The Chairman demands that Lizzie adhere to the colonial conventions of the courtroom, but she continues her testimony in Nisenan. She accuses the state of enslaving and attempting to "exterminate [her] race" (Kohler et al 20), and breaks into the following solo, which is translated by Helen:

LIZZIE:

homaa nik' c'esak' bemi                       

homaa nisee c'esak' bemi

hedem k'awinaan 'ydawmukum

neseek' hypy wentin hypym

homaa nik' c'esak' bemi

homaa nisee c'esak' bemi

homaa nik' c'esak' bemi

homaa nisee c'esak' bemi

hedem k'awinaan 'ydawmukum

wej wej ha nik hipin k'ojonaan

wej wej ha nik jamanmanto

bomy nik hedem k'awi wentin

 

HELEN:

What truth or facts will prove the

case I plead

How can I try

To undo all that's been decreed

You took my people

You took our land

Then you made us homeless Indians

Here I stand

Here I stand (Kohler et al 20)

 

In this song, Lizzie implies that the senatorial committee's insistence on "truth and facts" is actually arbitrary, self-serving, and insufficient to encapsulate the depth of the "homeless Indians'" struggle to survive.
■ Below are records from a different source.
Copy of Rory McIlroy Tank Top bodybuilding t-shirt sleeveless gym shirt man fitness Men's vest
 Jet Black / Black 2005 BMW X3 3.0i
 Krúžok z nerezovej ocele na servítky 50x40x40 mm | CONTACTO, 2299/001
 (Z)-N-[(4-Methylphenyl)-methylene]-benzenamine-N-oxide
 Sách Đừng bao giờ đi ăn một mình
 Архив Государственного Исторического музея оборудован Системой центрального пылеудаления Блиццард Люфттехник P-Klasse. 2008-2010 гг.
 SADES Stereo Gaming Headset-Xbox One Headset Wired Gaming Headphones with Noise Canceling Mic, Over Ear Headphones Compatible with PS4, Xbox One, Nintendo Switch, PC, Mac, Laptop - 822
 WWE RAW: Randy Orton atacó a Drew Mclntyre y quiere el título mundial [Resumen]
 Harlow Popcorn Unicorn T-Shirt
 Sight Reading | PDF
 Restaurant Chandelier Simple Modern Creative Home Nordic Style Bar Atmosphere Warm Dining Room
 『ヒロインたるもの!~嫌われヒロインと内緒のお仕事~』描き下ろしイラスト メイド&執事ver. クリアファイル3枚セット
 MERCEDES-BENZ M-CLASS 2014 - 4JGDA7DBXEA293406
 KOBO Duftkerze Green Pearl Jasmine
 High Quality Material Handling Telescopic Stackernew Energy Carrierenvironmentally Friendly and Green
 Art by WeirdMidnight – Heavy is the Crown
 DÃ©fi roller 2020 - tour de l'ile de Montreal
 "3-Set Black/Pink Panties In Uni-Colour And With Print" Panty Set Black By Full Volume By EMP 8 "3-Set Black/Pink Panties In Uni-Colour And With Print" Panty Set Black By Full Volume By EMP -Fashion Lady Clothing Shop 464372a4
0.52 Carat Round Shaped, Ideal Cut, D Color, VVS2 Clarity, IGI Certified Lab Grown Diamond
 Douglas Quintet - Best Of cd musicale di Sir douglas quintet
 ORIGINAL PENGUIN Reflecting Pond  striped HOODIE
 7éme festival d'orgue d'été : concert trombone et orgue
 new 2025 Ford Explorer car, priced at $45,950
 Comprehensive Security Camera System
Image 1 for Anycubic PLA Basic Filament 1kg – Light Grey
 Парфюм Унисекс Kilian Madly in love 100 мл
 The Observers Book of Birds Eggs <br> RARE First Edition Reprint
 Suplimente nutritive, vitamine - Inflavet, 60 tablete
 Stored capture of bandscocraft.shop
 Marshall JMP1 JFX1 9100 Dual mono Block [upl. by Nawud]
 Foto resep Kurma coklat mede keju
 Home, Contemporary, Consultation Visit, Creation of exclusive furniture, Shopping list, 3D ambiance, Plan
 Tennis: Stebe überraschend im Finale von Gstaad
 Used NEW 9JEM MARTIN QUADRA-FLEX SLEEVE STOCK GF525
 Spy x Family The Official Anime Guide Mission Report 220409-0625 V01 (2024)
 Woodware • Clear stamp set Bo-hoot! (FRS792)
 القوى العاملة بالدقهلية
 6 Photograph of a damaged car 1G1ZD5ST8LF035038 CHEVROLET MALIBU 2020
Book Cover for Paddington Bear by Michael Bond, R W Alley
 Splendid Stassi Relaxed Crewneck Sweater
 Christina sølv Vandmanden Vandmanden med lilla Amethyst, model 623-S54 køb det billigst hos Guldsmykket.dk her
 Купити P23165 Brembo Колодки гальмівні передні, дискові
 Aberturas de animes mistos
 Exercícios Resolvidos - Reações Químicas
As Wieser writes, within Indigenous epistemologies, "experience in general—whether derived from experiences of the culture encoded in story, those of an authoritative elder, or those of an individual who shared the same cultural values—is held as evidence" (Wieser 37). The senators' repeated interjections attempt to invalidate Lizzie's claims  either on the grounds that they are steeped in the pathos of experienced suffering or contradict 'facts' that the senators have already accepted as true. And this belies the committee's underlying desire to dismiss her claims precisely because of their potential impact.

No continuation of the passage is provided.